Keiji Izuchi: "Higher order hulls in H, II"Jour.Funct.Anal.. vol. 177. 107-129 (2000)

Keiji Izuchi：“H，II 中的高阶船体”Jour.Funct.Anal.. vol.

Keiji Izuchi: "Spreding Blaschke products and homeomorphic parts"Complex Variables. Vol.40. 359-369 (2000)

Keiji Izuchi：“Spreding Blaschke 产品和同胚部件”复杂变量。

Sin-Ei Takahasi: "A structure of ring homomorphisms on commutative Banach algebras"Proceedings of the American Mathematical Society. 128・8. 2283-2288 (1999)
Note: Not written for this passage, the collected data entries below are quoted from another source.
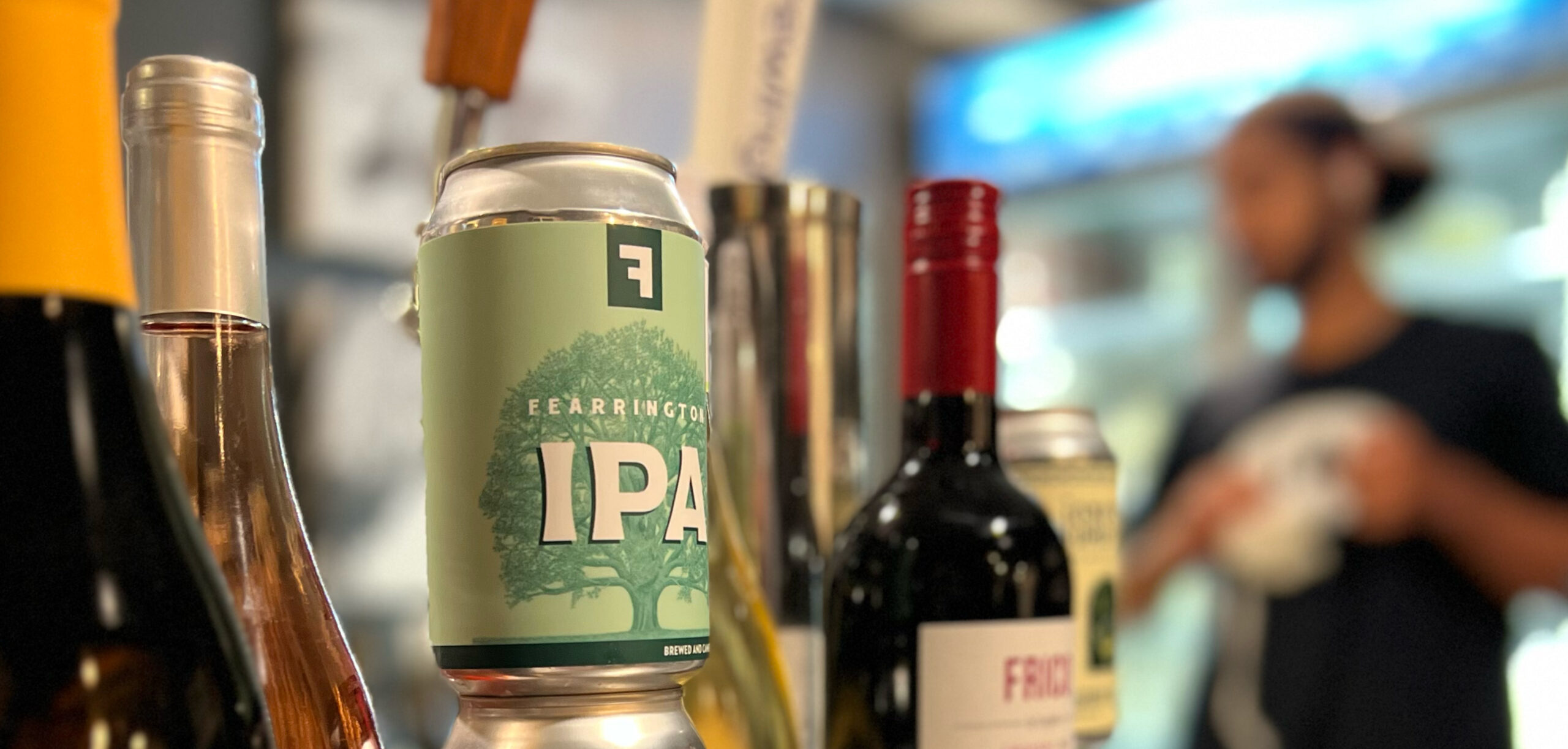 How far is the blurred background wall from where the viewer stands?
206 centimetres

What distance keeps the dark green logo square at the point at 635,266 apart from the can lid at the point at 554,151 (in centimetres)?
2

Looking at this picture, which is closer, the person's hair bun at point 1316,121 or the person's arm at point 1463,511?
the person's arm at point 1463,511

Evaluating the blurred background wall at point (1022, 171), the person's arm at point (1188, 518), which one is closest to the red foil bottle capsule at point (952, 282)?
the blurred background wall at point (1022, 171)

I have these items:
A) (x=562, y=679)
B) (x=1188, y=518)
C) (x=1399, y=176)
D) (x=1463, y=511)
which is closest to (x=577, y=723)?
(x=562, y=679)

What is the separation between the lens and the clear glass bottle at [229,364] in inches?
11.4

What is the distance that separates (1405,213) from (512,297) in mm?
2236

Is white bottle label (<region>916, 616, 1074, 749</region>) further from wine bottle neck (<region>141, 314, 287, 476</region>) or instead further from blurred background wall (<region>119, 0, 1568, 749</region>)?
blurred background wall (<region>119, 0, 1568, 749</region>)

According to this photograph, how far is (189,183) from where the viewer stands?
291mm

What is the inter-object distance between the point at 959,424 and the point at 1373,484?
1.62 meters

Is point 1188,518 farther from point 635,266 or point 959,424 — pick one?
point 635,266

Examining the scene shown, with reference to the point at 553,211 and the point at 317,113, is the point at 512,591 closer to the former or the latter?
the point at 553,211

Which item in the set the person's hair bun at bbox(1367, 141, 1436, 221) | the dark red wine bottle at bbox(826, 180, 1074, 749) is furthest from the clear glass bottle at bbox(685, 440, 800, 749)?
the person's hair bun at bbox(1367, 141, 1436, 221)

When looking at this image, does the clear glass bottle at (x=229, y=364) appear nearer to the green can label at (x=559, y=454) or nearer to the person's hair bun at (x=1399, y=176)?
the green can label at (x=559, y=454)

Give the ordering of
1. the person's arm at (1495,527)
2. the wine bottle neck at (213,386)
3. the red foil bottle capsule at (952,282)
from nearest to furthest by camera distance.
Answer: the wine bottle neck at (213,386) < the red foil bottle capsule at (952,282) < the person's arm at (1495,527) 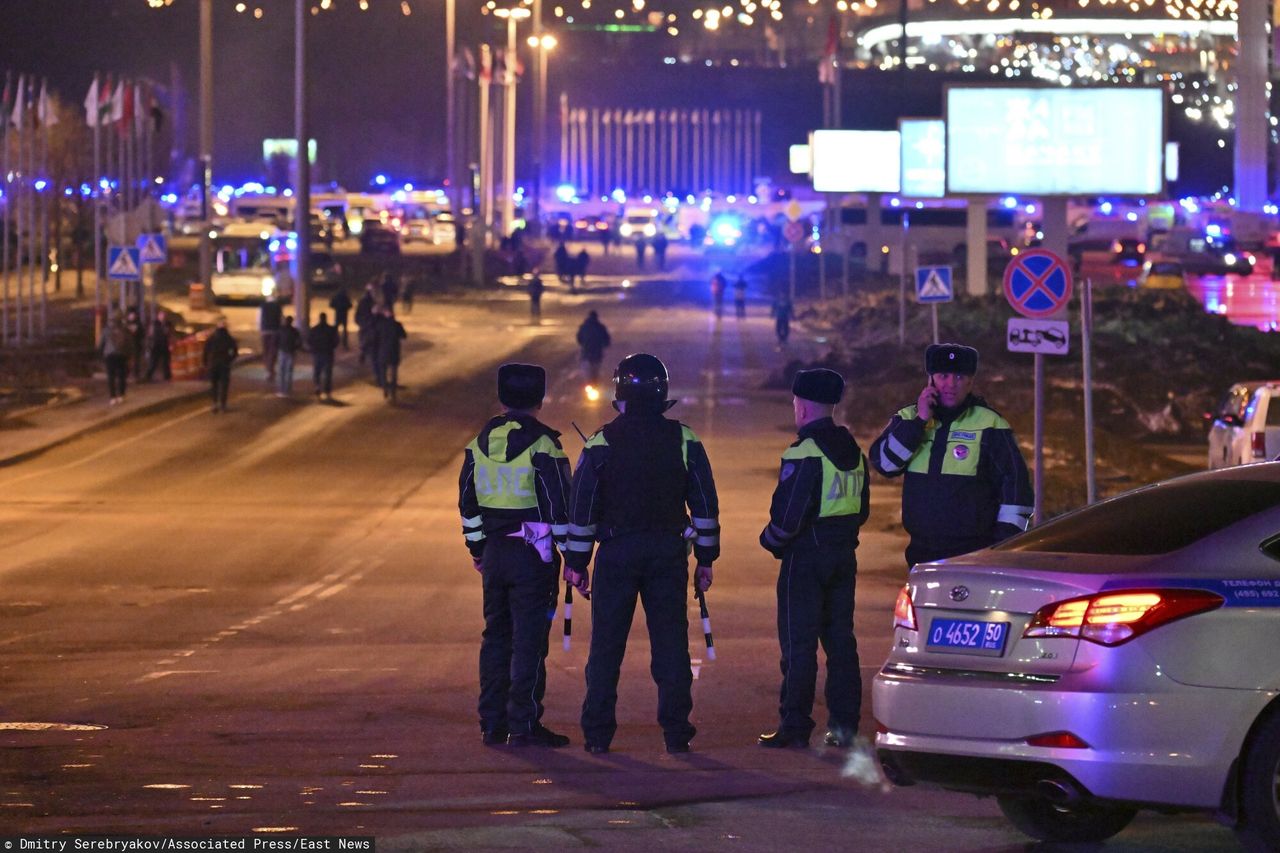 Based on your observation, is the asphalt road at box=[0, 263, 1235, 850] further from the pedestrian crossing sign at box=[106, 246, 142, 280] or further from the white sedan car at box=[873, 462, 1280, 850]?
the pedestrian crossing sign at box=[106, 246, 142, 280]

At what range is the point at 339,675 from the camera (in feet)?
37.2

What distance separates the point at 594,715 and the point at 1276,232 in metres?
94.8

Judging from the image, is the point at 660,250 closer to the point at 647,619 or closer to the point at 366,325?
the point at 366,325

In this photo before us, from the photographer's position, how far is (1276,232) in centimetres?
9694

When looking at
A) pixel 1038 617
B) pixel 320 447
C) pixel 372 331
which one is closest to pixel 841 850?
pixel 1038 617

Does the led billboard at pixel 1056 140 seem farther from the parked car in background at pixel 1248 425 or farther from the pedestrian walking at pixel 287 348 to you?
the parked car in background at pixel 1248 425

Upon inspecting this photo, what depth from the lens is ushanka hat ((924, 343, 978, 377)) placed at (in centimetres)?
858

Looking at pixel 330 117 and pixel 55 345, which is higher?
pixel 330 117

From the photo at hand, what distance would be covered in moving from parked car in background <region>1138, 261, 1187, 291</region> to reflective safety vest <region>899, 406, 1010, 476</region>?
4939 centimetres

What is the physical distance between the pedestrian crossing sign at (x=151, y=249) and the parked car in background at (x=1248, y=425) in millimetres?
20668

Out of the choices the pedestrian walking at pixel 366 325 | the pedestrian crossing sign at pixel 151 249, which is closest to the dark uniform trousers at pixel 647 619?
the pedestrian walking at pixel 366 325

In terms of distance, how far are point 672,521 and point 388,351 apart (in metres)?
25.3

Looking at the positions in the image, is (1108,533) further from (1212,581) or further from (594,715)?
(594,715)

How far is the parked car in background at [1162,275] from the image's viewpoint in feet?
196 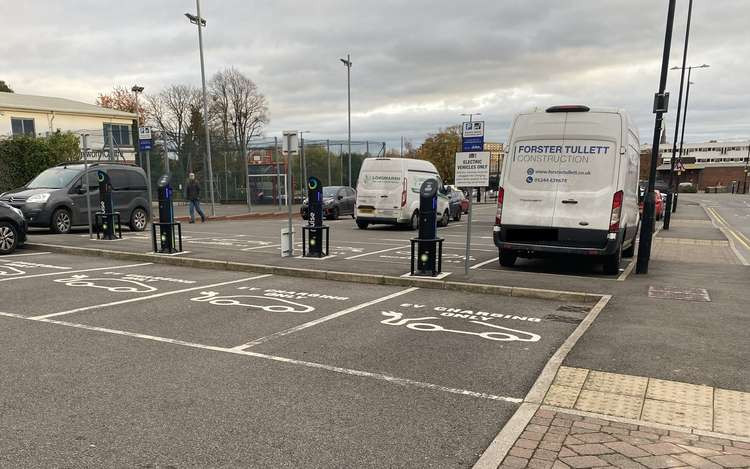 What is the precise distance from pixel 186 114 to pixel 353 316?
65538 mm

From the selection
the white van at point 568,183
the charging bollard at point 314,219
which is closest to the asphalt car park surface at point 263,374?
the white van at point 568,183

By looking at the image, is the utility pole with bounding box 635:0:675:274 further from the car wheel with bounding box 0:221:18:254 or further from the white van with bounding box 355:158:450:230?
the car wheel with bounding box 0:221:18:254

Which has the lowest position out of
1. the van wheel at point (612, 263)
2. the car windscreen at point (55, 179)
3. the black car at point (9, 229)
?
the van wheel at point (612, 263)

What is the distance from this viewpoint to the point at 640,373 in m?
4.61

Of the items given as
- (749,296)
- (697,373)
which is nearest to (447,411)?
(697,373)

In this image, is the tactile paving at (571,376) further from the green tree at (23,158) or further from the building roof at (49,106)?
the building roof at (49,106)

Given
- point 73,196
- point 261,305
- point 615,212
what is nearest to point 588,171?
point 615,212

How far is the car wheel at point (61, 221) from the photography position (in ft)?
50.0

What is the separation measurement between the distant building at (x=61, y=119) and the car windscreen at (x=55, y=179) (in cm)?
1816

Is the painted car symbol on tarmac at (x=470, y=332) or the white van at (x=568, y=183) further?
the white van at (x=568, y=183)

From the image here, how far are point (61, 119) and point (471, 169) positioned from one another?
41043 millimetres

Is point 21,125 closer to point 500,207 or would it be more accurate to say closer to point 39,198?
point 39,198

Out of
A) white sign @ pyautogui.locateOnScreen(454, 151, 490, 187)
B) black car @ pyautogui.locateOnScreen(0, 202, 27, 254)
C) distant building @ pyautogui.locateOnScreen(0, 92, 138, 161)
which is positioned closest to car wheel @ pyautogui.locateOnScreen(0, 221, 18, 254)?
black car @ pyautogui.locateOnScreen(0, 202, 27, 254)

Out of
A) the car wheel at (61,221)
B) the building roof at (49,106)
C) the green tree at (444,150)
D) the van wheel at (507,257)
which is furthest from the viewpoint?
the green tree at (444,150) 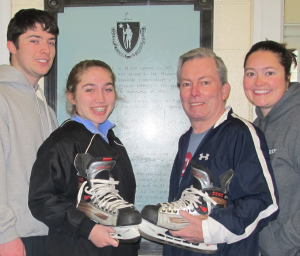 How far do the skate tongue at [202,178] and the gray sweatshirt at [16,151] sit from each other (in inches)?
33.1

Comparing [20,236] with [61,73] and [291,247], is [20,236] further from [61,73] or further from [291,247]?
[291,247]

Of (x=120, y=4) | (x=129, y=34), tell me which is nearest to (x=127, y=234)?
(x=129, y=34)

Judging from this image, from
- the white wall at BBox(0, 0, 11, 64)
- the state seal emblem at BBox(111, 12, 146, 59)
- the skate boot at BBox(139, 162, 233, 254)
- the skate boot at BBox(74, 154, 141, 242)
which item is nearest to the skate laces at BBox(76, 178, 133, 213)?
the skate boot at BBox(74, 154, 141, 242)

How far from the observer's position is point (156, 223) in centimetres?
118

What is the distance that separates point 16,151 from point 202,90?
99 cm

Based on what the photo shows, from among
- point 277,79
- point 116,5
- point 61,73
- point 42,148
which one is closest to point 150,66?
point 116,5

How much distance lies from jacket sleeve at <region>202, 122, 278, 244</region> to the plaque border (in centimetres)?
95

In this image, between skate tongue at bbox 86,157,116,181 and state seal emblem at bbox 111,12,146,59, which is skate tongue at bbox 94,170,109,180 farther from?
state seal emblem at bbox 111,12,146,59

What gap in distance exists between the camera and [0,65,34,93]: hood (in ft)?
5.29

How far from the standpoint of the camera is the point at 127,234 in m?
1.18

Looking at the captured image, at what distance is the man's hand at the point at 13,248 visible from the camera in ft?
4.41

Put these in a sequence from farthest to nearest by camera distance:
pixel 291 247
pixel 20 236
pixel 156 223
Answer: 1. pixel 20 236
2. pixel 291 247
3. pixel 156 223

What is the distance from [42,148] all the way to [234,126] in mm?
901

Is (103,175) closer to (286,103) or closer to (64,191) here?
(64,191) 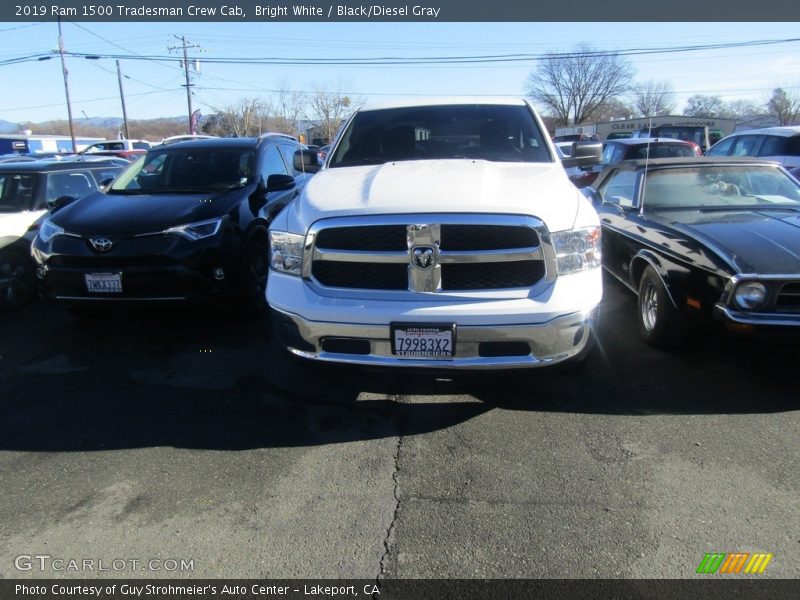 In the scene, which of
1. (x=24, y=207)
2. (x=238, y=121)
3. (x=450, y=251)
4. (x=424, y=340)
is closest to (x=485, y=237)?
(x=450, y=251)

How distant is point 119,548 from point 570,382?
3029 millimetres

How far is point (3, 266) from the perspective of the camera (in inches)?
240

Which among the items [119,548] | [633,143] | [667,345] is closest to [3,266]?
[119,548]

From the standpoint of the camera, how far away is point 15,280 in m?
6.23

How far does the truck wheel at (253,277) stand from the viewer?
209 inches

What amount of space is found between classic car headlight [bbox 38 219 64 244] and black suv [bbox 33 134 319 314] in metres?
0.01

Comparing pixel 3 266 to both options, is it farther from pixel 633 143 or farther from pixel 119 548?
pixel 633 143

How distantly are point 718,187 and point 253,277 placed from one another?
4.57 metres

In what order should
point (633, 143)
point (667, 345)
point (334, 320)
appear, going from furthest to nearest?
1. point (633, 143)
2. point (667, 345)
3. point (334, 320)

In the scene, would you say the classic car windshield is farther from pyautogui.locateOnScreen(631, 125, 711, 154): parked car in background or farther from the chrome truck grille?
pyautogui.locateOnScreen(631, 125, 711, 154): parked car in background

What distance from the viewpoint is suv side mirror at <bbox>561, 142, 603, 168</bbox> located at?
499 cm

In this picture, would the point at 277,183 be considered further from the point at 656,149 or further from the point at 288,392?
the point at 656,149

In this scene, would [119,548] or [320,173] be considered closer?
[119,548]

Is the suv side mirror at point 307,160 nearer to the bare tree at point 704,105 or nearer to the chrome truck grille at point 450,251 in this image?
the chrome truck grille at point 450,251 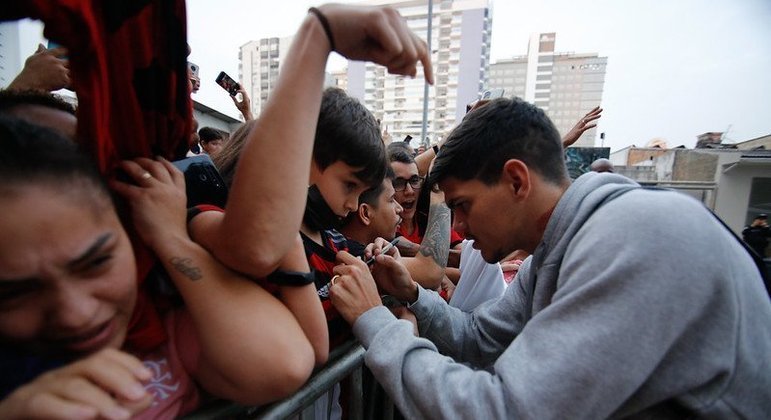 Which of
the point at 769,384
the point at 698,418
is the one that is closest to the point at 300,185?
the point at 698,418

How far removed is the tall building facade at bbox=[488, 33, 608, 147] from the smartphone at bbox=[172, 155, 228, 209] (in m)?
95.5

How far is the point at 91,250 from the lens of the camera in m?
0.67

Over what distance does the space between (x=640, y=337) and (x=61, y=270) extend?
1.32m

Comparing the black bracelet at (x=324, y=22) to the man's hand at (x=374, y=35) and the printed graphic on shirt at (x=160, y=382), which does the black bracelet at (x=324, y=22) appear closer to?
the man's hand at (x=374, y=35)

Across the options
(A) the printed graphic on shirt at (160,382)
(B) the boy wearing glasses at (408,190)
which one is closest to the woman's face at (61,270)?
(A) the printed graphic on shirt at (160,382)

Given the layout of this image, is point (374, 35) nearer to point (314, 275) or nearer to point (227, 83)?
point (314, 275)

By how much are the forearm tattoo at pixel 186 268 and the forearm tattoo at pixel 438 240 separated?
1.61 m

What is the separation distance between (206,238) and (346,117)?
43.6 inches

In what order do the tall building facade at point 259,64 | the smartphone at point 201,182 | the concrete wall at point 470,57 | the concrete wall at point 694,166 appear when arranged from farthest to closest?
the tall building facade at point 259,64 < the concrete wall at point 470,57 < the concrete wall at point 694,166 < the smartphone at point 201,182

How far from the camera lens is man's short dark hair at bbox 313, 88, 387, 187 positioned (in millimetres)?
1737

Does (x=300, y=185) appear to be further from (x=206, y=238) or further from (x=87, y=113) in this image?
(x=87, y=113)

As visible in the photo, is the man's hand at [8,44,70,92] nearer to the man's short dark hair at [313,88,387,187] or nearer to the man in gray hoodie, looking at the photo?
the man's short dark hair at [313,88,387,187]

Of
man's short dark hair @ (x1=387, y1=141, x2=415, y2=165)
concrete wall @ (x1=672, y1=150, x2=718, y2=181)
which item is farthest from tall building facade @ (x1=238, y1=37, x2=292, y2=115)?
man's short dark hair @ (x1=387, y1=141, x2=415, y2=165)

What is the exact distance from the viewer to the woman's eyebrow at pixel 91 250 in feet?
2.15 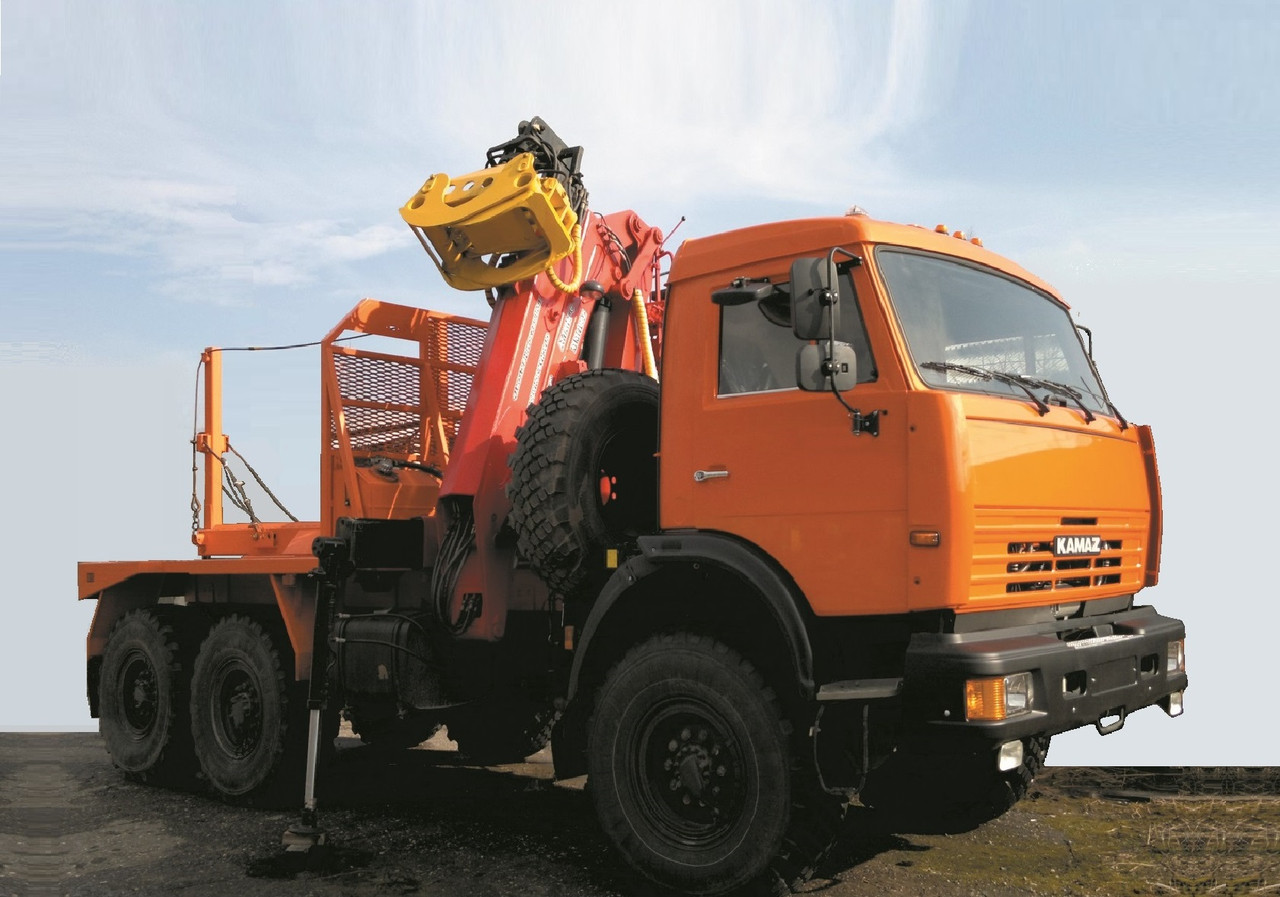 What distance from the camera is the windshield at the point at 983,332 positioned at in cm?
482

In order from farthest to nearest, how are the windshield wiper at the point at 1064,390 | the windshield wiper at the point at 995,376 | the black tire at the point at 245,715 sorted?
the black tire at the point at 245,715 < the windshield wiper at the point at 1064,390 < the windshield wiper at the point at 995,376

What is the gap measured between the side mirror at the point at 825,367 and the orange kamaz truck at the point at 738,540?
0.6 inches

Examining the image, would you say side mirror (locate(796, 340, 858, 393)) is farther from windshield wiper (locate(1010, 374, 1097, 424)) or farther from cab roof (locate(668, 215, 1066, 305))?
windshield wiper (locate(1010, 374, 1097, 424))

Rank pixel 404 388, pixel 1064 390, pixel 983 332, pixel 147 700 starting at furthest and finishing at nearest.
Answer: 1. pixel 147 700
2. pixel 404 388
3. pixel 1064 390
4. pixel 983 332

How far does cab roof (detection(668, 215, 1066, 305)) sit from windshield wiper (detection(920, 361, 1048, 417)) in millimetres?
602

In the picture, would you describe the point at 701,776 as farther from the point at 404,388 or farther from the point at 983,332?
the point at 404,388

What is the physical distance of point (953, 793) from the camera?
6371mm

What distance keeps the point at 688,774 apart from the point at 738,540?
106 centimetres

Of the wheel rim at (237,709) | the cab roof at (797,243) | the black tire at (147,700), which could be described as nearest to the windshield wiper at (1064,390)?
the cab roof at (797,243)

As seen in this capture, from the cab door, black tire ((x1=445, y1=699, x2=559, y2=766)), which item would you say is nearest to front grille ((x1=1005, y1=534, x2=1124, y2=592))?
the cab door

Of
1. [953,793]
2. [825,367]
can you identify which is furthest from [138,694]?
[825,367]

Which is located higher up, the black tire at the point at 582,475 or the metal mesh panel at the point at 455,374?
the metal mesh panel at the point at 455,374

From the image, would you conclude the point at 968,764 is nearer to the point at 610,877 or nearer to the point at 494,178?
the point at 610,877

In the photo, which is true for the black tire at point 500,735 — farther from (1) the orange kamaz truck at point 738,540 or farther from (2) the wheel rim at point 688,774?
(2) the wheel rim at point 688,774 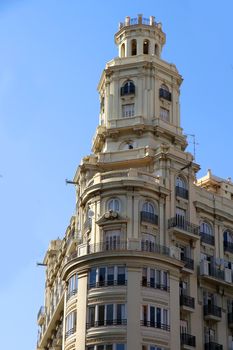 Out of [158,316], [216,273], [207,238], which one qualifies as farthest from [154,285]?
[207,238]

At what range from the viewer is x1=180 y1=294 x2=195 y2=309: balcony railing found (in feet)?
235

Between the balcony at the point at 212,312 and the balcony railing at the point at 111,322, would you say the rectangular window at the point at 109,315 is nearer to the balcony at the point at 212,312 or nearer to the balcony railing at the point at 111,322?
the balcony railing at the point at 111,322

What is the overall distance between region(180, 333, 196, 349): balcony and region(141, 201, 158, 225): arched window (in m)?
9.65

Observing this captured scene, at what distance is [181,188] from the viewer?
77.4 m

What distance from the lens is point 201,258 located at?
7625 centimetres

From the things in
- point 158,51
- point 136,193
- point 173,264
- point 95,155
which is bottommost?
point 173,264

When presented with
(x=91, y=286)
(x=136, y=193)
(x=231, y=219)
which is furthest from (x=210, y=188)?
(x=91, y=286)

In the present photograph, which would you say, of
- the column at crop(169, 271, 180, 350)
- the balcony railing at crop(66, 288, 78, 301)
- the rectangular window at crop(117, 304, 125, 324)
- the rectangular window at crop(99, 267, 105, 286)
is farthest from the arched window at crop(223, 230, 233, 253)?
the balcony railing at crop(66, 288, 78, 301)

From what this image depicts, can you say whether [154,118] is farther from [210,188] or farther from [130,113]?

Sin-Ei Takahasi：“交换巴纳赫代数上的环同态结构”美国数学会论文集 128・8（1999）。

Takashi Ishii: "Trivial points in the maximal ideal space of H^∞"Houston J. Math.. 25・1. 67-77 (1999)

石井隆：“H^∞ 的最大理想空间中的琐碎点”Houston J. Math.. 25・1 (1999)

Takashi Ishii: "Trivial points in the maximal ideal space of H"Houston Journal of Mathematics. 25. 67-77 (1999)

Takashi Ishii：“H 的最大理想空间中的琐碎点”《休斯顿数学杂志》。